- _Aim of the task_
Reproduce every entry below precisely; do not include the pictures.

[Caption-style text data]

┄┄┄┄┄┄┄┄┄┄┄┄┄┄┄┄┄┄┄┄

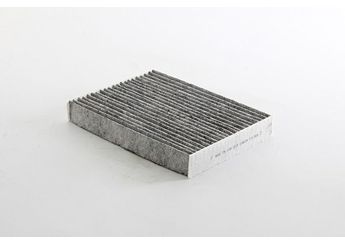 Polen Filtresi  BSG 75-145-019  272775081R 27 27 750 81R 272772519R 27 27 725 19R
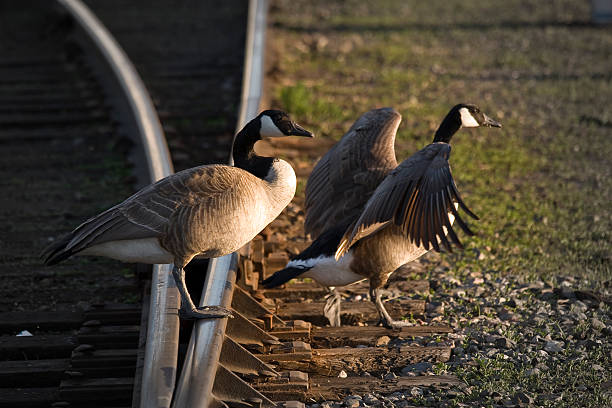 Canadian Geese stock photo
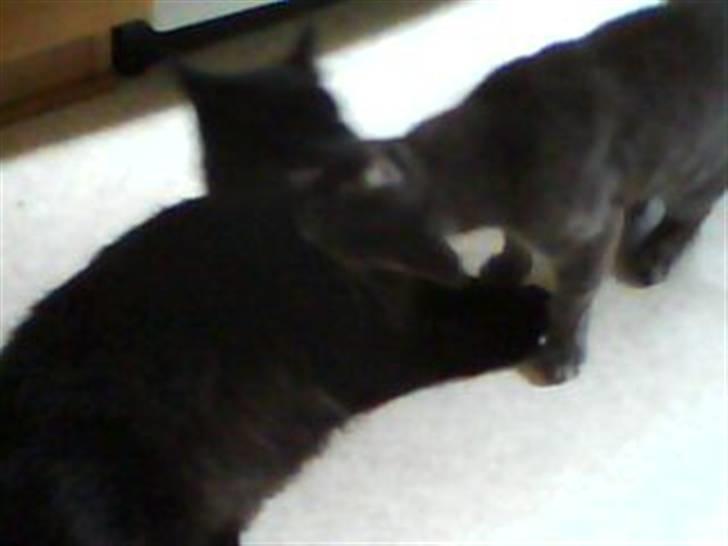 Maine Coon DJ - Uuh, det er dejligt der (; billede 7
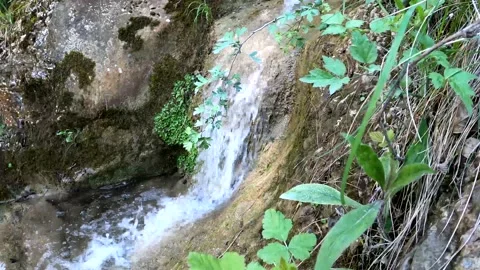 Natural waterfalls Stock Footage 155706546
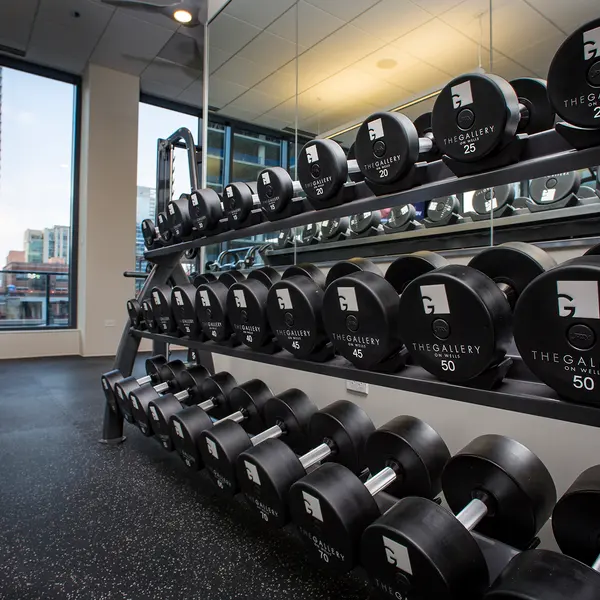 The Gallery on Wells - Fitness, Gym, Sport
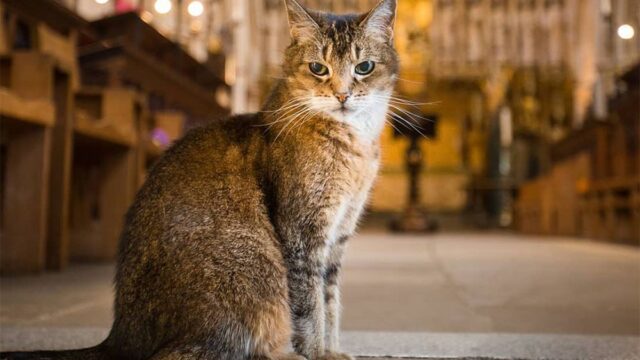 В лондонском соборе провели службу по бездомной кошке Доркинс Магнификэт, с которой приходила знакомиться королева
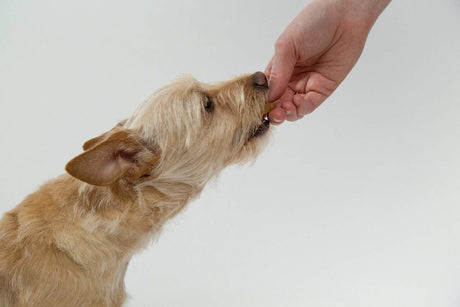 Are Beef Dog Treats Good for Dogs? Benefits, Risks & Feeding Tips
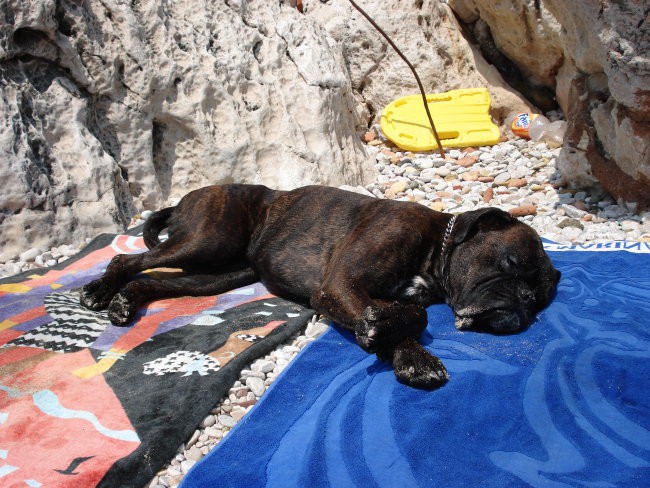 Nemški bokser Amis d'Morg - poletje 2006 - foto povečava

┄┄┄┄┄┄┄┄┄┄┄┄┄┄┄┄┄┄┄┄

- _Answer to this exercise_
 Polen Filtresi  BSG 75-145-019  272775081R 27 27 750 81R 272772519R 27 27 725 19R
 Canadian Geese stock photo
 Maine Coon DJ - Uuh, det er dejligt der (; billede 7
 Natural waterfalls Stock Footage 155706546
 The Gallery on Wells - Fitness, Gym, Sport
 В лондонском соборе провели службу по бездомной кошке Доркинс Магнификэт, с которой приходила знакомиться королева
 Are Beef Dog Treats Good for Dogs? Benefits, Risks & Feeding Tips
 Nemški bokser Amis d'Morg - poletje 2006 - foto povečava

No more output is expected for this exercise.